Provided data:
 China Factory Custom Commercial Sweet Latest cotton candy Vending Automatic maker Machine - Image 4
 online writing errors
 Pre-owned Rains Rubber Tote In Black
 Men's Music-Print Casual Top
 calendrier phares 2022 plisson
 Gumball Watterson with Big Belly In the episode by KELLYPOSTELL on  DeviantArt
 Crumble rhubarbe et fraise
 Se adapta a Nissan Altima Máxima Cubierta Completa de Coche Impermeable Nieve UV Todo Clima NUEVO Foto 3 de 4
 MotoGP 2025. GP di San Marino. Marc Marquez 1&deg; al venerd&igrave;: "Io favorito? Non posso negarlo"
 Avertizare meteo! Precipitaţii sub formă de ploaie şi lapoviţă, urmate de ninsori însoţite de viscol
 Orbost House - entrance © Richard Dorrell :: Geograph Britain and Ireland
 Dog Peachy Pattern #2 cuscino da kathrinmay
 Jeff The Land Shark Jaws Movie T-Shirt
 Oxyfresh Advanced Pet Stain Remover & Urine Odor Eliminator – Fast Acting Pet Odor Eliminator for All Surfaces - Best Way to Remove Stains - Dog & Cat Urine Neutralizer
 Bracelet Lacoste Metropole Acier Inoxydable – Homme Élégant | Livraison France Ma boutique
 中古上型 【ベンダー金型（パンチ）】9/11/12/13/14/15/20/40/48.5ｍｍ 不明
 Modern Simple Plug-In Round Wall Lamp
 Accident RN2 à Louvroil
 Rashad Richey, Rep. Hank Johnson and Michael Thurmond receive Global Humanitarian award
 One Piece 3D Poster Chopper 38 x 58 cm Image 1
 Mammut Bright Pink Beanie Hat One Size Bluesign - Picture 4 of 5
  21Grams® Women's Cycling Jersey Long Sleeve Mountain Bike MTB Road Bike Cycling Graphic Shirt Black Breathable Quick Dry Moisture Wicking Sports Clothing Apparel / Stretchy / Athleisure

Exercise details:
Scan the material above for the string "Image". Return each line where it occurs.

Response area:
 China Factory Custom Commercial Sweet Latest cotton candy Vending Automatic maker Machine - Image 4
 One Piece 3D Poster Chopper 38 x 58 cm Image 1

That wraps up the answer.